_PROMPT_: Images aside, the whole listing should be written out word for word.

_INFORMATION SUPPLIED_:

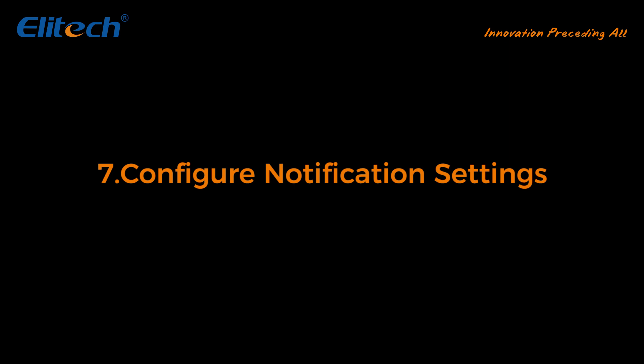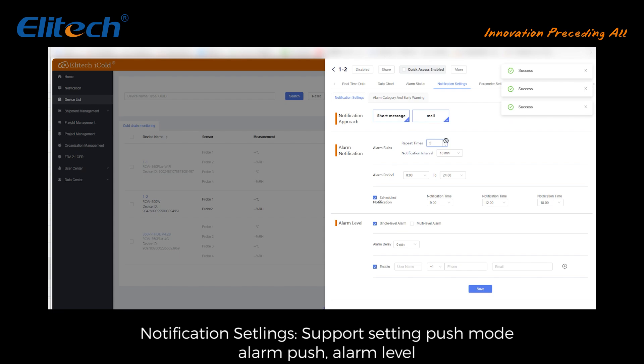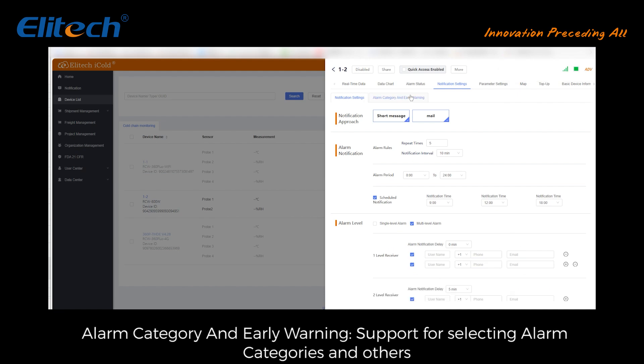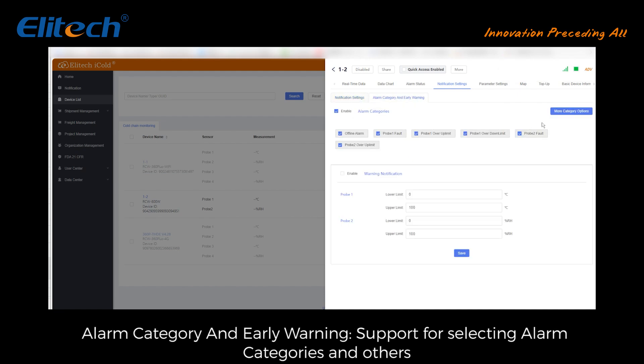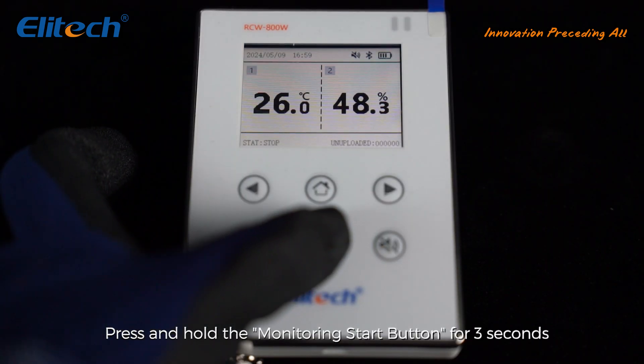Configure notification settings: click notification settings to open the notification settings panel. Supports setting push mode, alarm category, and early warning. Supports selecting alarm categories and other notification options.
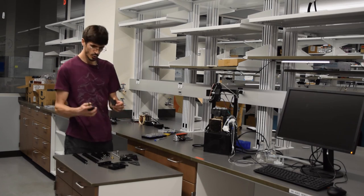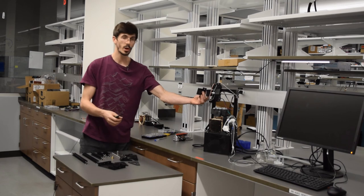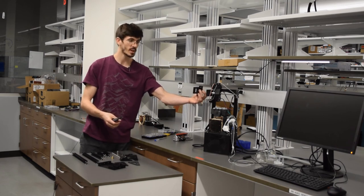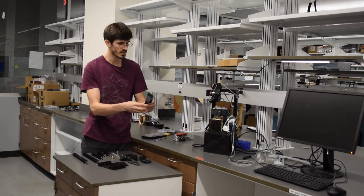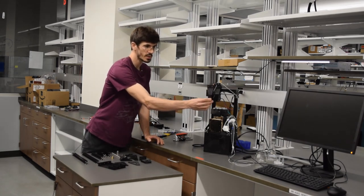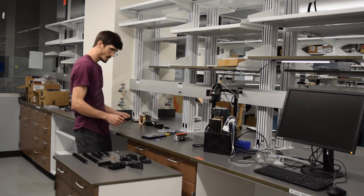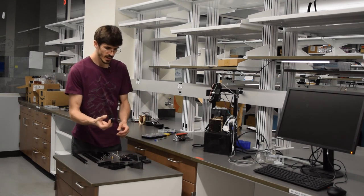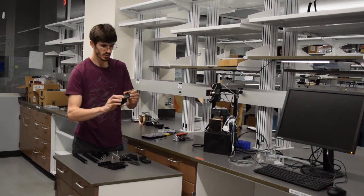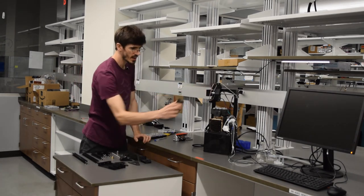We have two stepper motor brackets: one stepper motor bracket goes on the side for the x-axis stepper motor, and the second one is the x-gantry that moves along the x-axis and holds the y-axis stepper motor. The second part of the x-gantry goes along with this — those mount together and that mounts right to the x-axis.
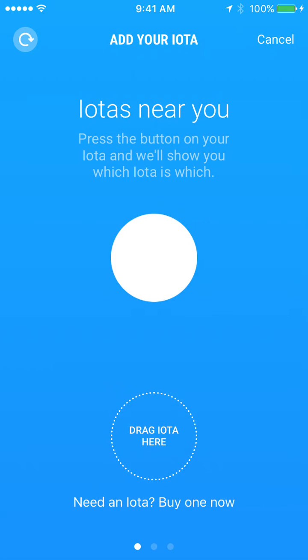We have an iota set up right next to us. And as you can see, if there are multiple iotas on your screen, you can press the button and in a few seconds it'll show up as a ripple effect to help you identify which iota you're dealing with.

_EXPECTED ANSWER_:
Configure notification settings: click notification settings to open the notification settings panel. Supports setting push mode, alarm category, and early warning. Supports selecting alarm categories and other notification options.
We have two stepper motor brackets: one stepper motor bracket goes on the side for the x-axis stepper motor, and the second one is the x-gantry that moves along the x-axis and holds the y-axis stepper motor. The second part of the x-gantry goes along with this — those mount together and that mounts right to the x-axis.
We have an iota set up right next to us. And as you can see, if there are multiple iotas on your screen, you can press the button and in a few seconds it'll show up as a ripple effect to help you identify which iota you're dealing with.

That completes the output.